■ TASK STATEMENT ■
Transcribe the listing verbatim, please, with images dropped.

--------

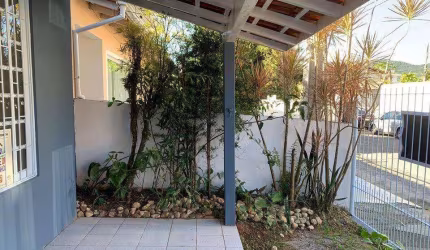 Casa para Venda em Florianópolis, Santa Mônica, 4 dormitórios, 1 suíte, 3 banheiros, 2 vagas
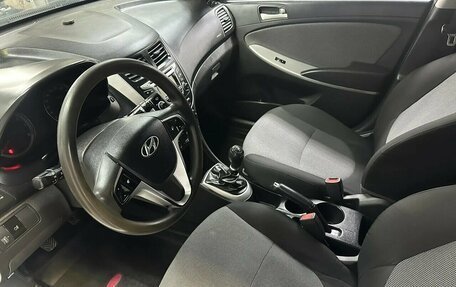 Hyundai Solaris II рестайлинг, 2013 год, 625 000 рублей, 9 фотография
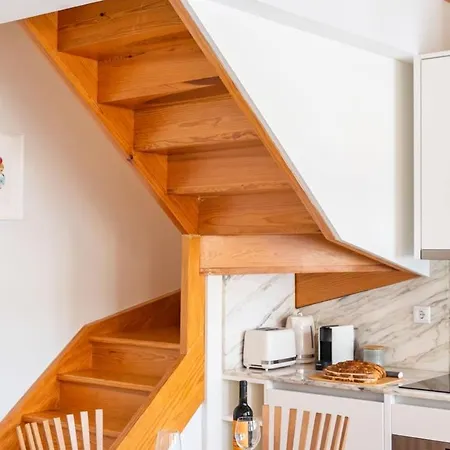 Framed Corner By Portugal Active Apartment Porto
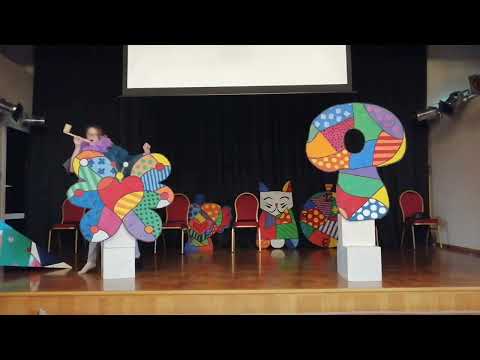 Rīgas 10. vidusskolas teātra studija "PASAKA" skolotāja, režisore Vera Kota.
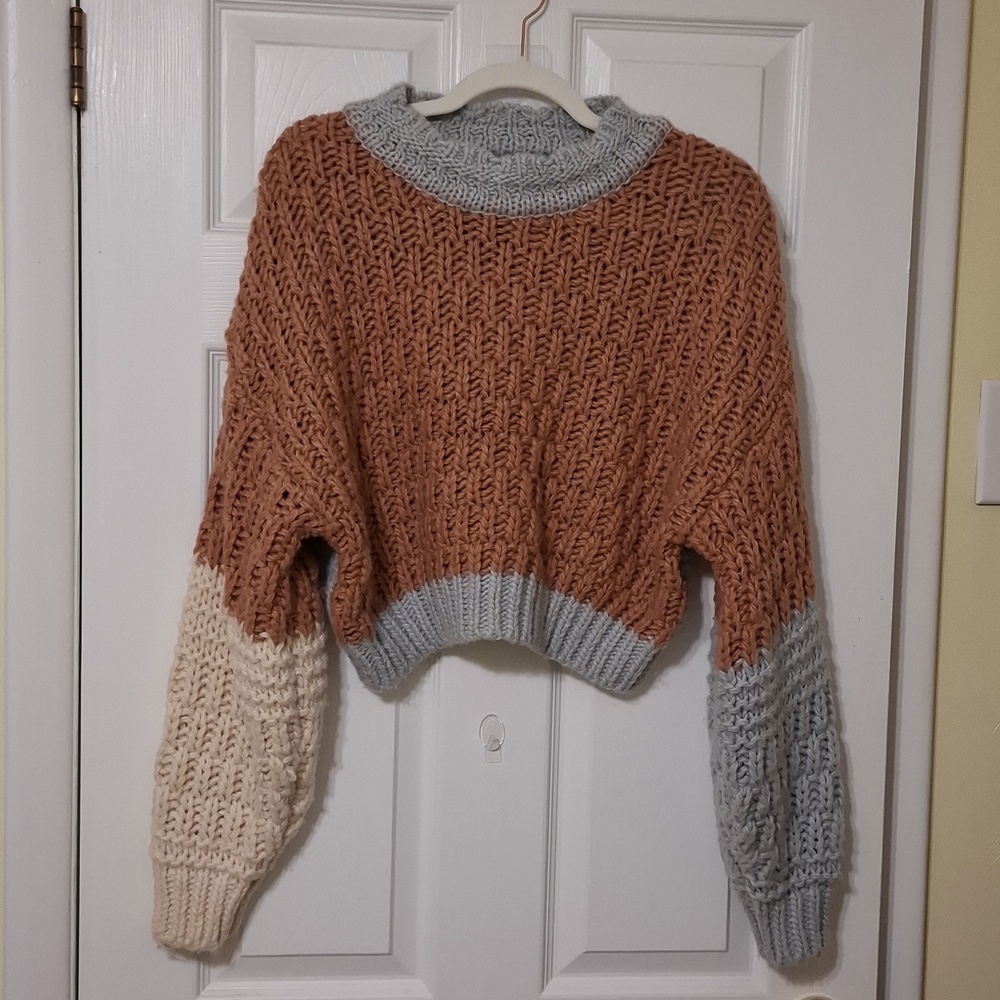 Universal Thread sz M, chunky knit sweater in rusty brown, cream and gray.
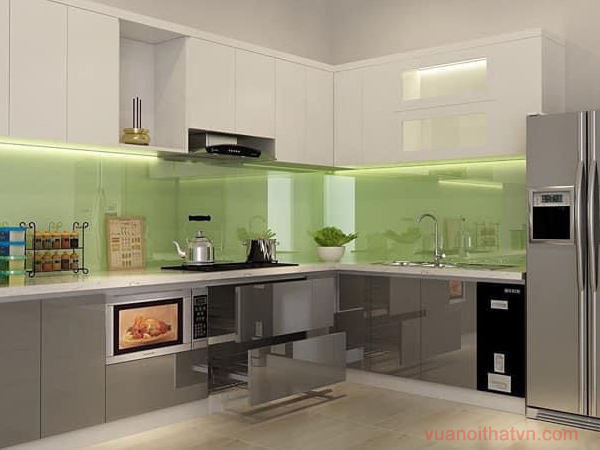 Tủ bếp trên và tủ bếp dưới sử dụng gỗ AN CƯỜNG, GIA CỐ DƯỚI CHẬU RỬA BẰNG NHỰA ĐẶC CHỐNG NƯỚC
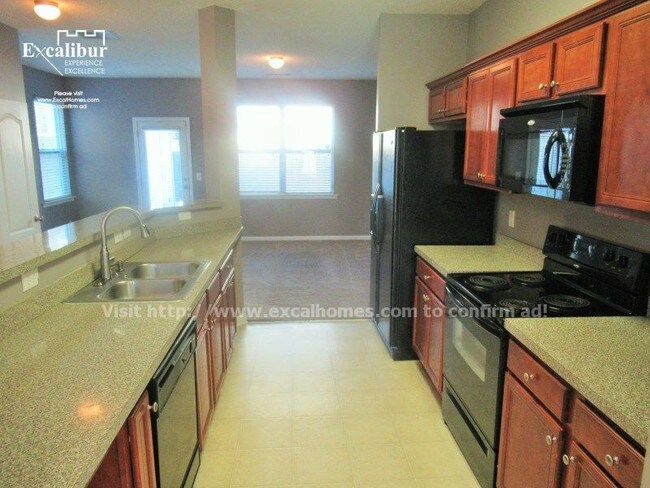 Building Photo - 2042 Bayrose Cir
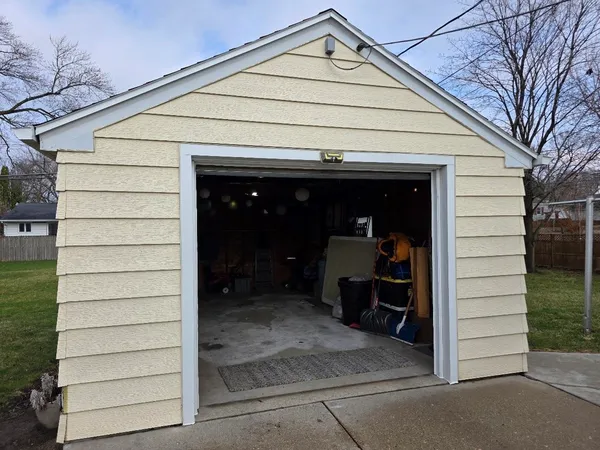 $250,000 | 1024 South Main Street, Jefferson, WI 53549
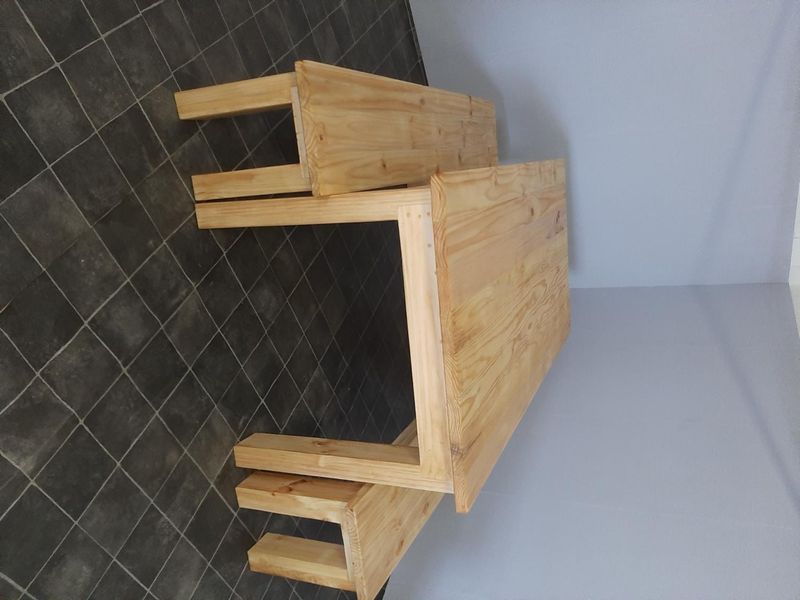 Durable Dinning Furniture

--------

■ FINISHED TASK ■
 Casa para Venda em Florianópolis, Santa Mônica, 4 dormitórios, 1 suíte, 3 banheiros, 2 vagas
 Hyundai Solaris II рестайлинг, 2013 год, 625 000 рублей, 9 фотография
 Framed Corner By Portugal Active Apartment Porto
 Rīgas 10. vidusskolas teātra studija "PASAKA" skolotāja, režisore Vera Kota.
 Universal Thread sz M, chunky knit sweater in rusty brown, cream and gray.
 Tủ bếp trên và tủ bếp dưới sử dụng gỗ AN CƯỜNG, GIA CỐ DƯỚI CHẬU RỬA BẰNG NHỰA ĐẶC CHỐNG NƯỚC
 Building Photo - 2042 Bayrose Cir
 $250,000 | 1024 South Main Street, Jefferson, WI 53549
 Durable Dinning Furniture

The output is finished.